For the material below, output exactly the span from the line with "Middle East And" to the line with "pro-180-conexion-para-programar-autonomo.png.png", including both, and nothing besides.

** Data shown follows **

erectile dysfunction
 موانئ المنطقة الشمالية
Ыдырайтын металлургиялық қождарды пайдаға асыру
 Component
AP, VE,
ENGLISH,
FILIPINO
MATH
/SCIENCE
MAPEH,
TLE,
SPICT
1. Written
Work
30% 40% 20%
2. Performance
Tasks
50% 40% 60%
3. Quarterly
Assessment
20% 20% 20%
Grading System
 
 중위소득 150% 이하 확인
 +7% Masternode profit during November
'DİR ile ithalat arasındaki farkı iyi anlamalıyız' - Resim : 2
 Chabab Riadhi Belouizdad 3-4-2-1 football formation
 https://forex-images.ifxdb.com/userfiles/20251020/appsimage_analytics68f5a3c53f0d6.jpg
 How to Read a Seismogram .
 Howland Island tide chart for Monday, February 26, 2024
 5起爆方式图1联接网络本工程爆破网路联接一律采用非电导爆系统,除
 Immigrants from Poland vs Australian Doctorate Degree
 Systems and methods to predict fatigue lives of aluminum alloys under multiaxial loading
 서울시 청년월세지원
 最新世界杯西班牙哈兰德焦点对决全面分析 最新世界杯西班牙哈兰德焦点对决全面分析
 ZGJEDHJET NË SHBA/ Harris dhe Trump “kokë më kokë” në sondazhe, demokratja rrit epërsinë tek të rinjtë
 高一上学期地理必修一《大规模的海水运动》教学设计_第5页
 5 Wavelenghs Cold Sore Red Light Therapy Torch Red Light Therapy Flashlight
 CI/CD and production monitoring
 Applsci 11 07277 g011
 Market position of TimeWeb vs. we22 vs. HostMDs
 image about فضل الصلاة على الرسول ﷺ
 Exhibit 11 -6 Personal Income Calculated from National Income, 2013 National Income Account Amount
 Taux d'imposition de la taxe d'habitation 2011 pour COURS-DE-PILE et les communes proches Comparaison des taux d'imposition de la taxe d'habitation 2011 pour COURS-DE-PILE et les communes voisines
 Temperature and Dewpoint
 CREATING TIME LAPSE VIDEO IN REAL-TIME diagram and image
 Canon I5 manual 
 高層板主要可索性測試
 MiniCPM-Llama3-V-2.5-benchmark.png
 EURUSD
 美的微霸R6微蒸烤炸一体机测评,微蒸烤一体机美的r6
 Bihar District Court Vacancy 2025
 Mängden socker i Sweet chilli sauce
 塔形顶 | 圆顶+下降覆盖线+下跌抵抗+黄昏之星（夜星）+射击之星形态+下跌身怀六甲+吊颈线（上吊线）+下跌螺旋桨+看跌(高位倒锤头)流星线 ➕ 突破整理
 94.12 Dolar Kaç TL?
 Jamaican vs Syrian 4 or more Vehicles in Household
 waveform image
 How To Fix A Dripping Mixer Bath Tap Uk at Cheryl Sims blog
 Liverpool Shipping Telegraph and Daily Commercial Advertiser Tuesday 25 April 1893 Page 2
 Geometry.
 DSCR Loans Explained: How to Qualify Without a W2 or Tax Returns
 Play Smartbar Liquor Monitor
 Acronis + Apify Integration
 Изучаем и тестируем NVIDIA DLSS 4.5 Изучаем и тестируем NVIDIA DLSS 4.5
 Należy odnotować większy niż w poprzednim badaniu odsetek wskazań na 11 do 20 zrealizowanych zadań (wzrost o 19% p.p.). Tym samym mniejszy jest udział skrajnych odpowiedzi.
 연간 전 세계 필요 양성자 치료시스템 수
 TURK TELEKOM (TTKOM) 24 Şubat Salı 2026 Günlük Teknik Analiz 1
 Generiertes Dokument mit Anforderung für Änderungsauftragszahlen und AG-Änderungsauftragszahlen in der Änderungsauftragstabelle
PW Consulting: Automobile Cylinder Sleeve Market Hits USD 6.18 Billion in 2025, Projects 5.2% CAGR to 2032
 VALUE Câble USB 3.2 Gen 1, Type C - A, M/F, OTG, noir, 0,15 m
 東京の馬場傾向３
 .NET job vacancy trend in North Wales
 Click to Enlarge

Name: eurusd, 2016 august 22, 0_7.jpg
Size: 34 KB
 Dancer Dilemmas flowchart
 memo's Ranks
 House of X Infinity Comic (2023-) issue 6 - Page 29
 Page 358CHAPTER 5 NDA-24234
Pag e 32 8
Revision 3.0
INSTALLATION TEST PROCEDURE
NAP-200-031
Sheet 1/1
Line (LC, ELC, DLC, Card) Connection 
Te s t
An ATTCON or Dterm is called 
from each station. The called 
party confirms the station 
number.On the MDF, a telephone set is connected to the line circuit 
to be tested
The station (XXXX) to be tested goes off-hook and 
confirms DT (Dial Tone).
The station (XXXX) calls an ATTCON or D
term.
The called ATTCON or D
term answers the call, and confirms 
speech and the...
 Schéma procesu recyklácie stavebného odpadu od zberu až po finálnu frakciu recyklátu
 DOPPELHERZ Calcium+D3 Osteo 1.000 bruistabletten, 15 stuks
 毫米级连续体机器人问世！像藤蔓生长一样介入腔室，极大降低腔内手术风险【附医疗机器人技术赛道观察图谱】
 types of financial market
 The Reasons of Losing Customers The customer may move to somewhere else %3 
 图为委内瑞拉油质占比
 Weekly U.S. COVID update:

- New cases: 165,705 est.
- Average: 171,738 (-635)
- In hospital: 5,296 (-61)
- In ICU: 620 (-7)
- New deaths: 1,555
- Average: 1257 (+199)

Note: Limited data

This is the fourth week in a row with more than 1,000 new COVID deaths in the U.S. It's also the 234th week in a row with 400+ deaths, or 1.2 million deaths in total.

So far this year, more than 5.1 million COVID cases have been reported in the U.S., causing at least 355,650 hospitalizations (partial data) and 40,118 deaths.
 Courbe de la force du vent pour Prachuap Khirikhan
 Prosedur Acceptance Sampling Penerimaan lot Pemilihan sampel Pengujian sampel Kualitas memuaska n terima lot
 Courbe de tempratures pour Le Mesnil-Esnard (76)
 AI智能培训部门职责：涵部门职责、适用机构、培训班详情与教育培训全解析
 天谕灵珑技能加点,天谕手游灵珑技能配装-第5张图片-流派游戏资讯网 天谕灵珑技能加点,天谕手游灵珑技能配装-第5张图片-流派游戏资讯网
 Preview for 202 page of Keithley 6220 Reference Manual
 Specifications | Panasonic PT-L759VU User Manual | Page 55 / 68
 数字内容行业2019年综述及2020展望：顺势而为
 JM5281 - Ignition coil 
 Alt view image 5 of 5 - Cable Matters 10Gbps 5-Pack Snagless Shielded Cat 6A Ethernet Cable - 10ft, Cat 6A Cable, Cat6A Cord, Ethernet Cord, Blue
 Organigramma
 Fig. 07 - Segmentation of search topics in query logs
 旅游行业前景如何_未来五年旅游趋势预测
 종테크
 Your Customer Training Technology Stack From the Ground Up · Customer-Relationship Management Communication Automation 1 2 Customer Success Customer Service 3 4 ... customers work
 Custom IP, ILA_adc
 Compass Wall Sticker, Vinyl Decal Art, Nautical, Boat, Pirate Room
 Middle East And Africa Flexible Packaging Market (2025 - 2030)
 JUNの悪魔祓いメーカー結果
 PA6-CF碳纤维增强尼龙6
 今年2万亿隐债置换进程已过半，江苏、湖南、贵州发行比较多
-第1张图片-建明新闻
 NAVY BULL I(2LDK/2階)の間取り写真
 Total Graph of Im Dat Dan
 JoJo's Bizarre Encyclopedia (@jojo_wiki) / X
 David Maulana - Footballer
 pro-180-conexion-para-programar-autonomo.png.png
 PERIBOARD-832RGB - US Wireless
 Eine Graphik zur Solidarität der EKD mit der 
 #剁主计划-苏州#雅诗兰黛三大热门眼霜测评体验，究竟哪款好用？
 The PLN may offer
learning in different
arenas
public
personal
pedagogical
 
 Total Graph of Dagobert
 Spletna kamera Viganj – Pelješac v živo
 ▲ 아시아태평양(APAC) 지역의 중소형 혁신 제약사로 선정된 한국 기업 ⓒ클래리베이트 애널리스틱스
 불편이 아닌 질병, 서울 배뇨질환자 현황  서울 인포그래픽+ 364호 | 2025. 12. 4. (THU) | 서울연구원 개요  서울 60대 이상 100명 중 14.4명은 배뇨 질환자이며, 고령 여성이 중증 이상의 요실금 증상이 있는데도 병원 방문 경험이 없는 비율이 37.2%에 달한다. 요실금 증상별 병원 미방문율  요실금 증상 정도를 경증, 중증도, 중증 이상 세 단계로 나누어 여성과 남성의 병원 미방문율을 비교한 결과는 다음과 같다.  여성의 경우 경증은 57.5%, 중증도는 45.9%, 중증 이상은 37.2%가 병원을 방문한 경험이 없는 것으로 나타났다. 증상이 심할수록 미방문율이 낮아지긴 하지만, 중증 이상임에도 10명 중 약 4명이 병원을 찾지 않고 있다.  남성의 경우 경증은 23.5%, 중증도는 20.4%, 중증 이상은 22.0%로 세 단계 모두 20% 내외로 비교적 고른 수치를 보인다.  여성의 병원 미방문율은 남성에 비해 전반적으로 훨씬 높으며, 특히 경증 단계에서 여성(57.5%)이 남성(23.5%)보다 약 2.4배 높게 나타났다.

** End of Data shown **

→ **Response below**:
 Middle East And Africa Flexible Packaging Market (2025 - 2030)
 JUNの悪魔祓いメーカー結果
 PA6-CF碳纤维增强尼龙6
 今年2万亿隐债置换进程已过半，江苏、湖南、贵州发行比较多
-第1张图片-建明新闻
 NAVY BULL I(2LDK/2階)の間取り写真
 Total Graph of Im Dat Dan
 JoJo's Bizarre Encyclopedia (@jojo_wiki) / X
 David Maulana - Footballer
 pro-180-conexion-para-programar-autonomo.png.png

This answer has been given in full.